The bank-owned property sale is fairly commonplace these days. The amount of foreclosures in the Carson Valley is unprecedented, and has resulted in a niche real estate market with unique business practices. When a bank owns a property the sale process is different than when dealing with a private party.
The first difference comes when they value the property. They begin before the foreclosure sale by getting a Broker Price Opinion, BPO. After they obtain title to the property via the foreclosure sale they usually order two BPO's to determine value. After that they select an agent to list the property with and ask that the agent prepare yet another BPO. During this process the property value usually plummets due to the post-foreclosure condition of the property. With one of the first lender actions subsequent to obtaining title being to turn off all utilities causing the value to continue to drop as the landscaping dies.
Most lenders hire an Asset Manager, AM, to handle the sale for them. The Asset Manager orders the BPO's, prepares the property for sale, hires the listing agent, negotiates the contracts, and sees the escrow through to close.

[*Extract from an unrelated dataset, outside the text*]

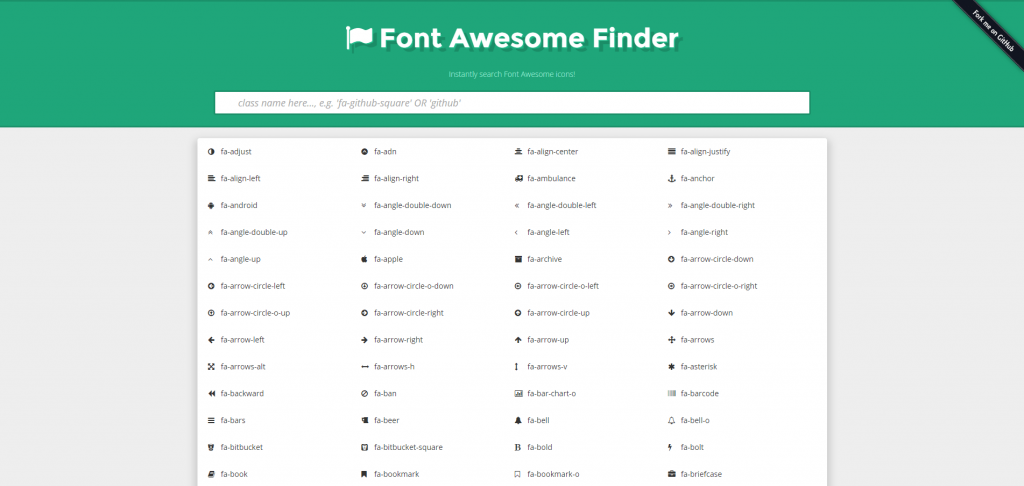 FontAwesome Finder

The BPO Listing Agent communicates with only with the Asset Manager, and primarily via computer.
When an offer is presented it isn't emailed or faxed to the Asset Manager, rather there is a computer menu that the agent completes by checking and filling in the appropriate boxes to reflect the terms and conditions of the offer. There is also an area for notes so the agent can make comments to the AM to provide some perspective about the offer circumstances. Counter Offers are also made via computer. We have actually received an AM Counter Offer at 6:00 p.m. on a Saturday. That is refreshing as it is in keeping with conventional real estate to keep the negotiations flowing. Historically, bank owned property transactions were a M-F/8:00-5:00 operation.

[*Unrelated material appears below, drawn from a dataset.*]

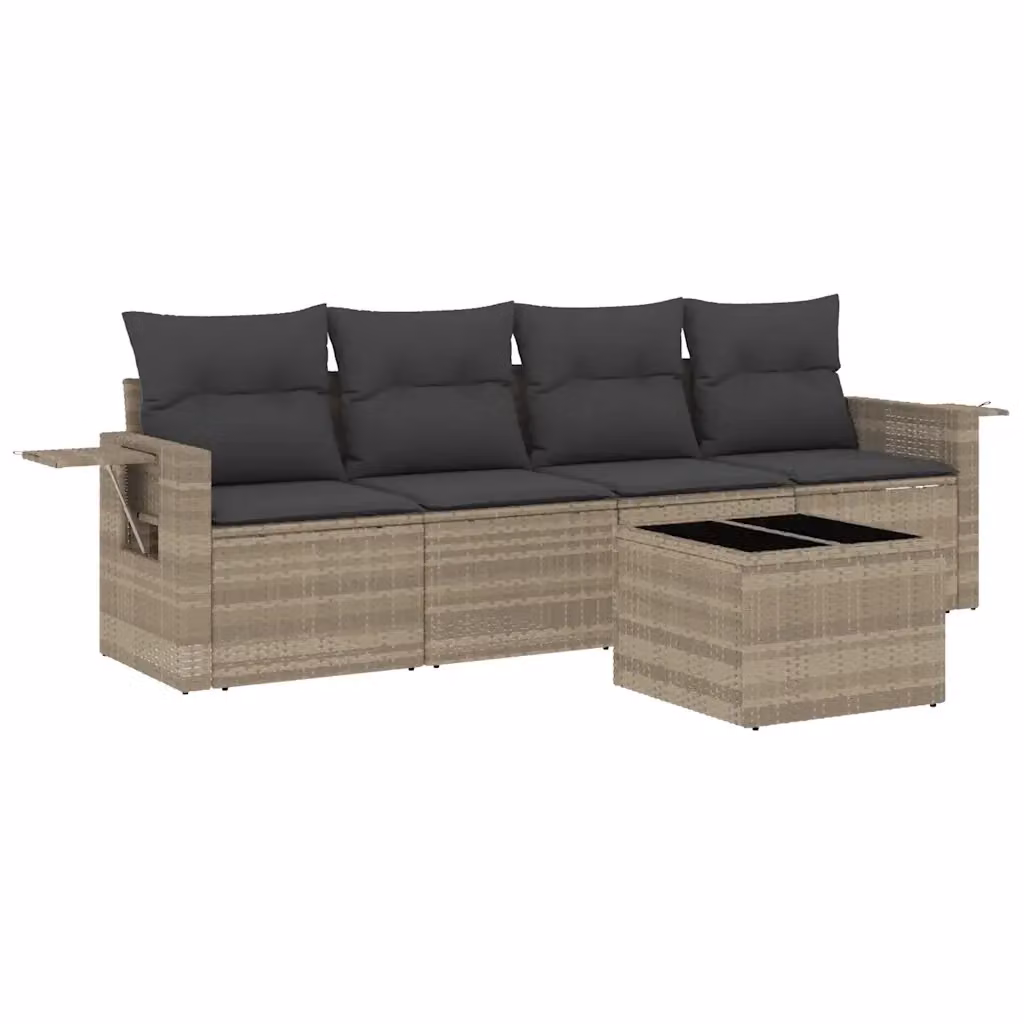 Set Divano da Giardino vidaXL 5 Pezzi in Polyrattan con Cuscini Grigio Chiaro e Tavolino – 2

Once accepted the offer and related documents are sent to the AM via email. They are signed and returned with the AM's special Disclaimer documents (a must-sign, non-negotiable package) for execution by the Buyer, and the escrow is opened. From there it is pretty much business as usual.

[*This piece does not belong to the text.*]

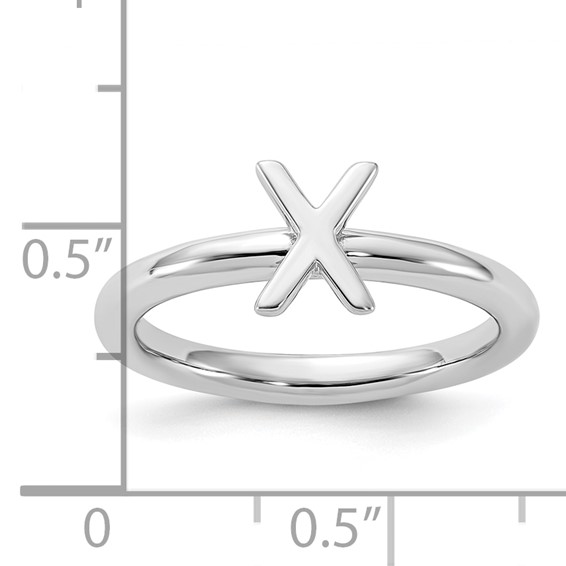 Sterling Silver Stackable Expressions Rhodium-plated X Ring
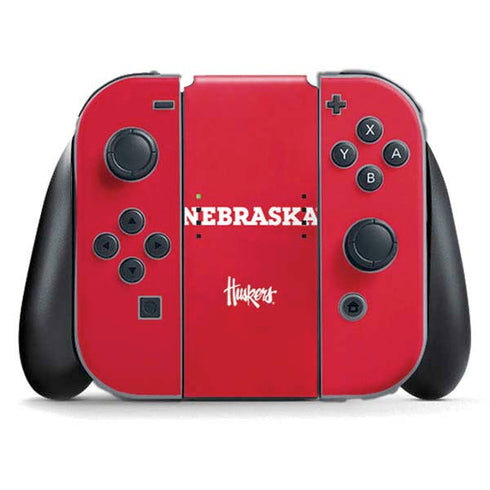 University of Nebraska Red Nintendo Switch (2017-2021) Joy-Con Controller Skin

Our Advice: The REO sale process has been streamlined since we last wrote about it. The AM's are more responsive, act quicker, and are willing to engage in "Ping Pong" negotiations until a transaction is put together or it is accepted that it cannot be put together. The AM Seller has no emotion in the transaction - they are just dealing with numbers and circumstances - which can be a benefit to a Buyer making a reasonable offer. The Seller isn't concerned about their next purchase, their perceived "loss" since the market dropped, or the memories incurred during the course of ownership. Make a good clean offer that highlights your strengths and you can be making the proverbial "scream'n deal" in no time.
REO's offer a realistic means to make a good deal today. Their historical burdensome processes are now themselves history. Don't fear the REO - consider the brown lawn a welcome mat to a green return on your investment.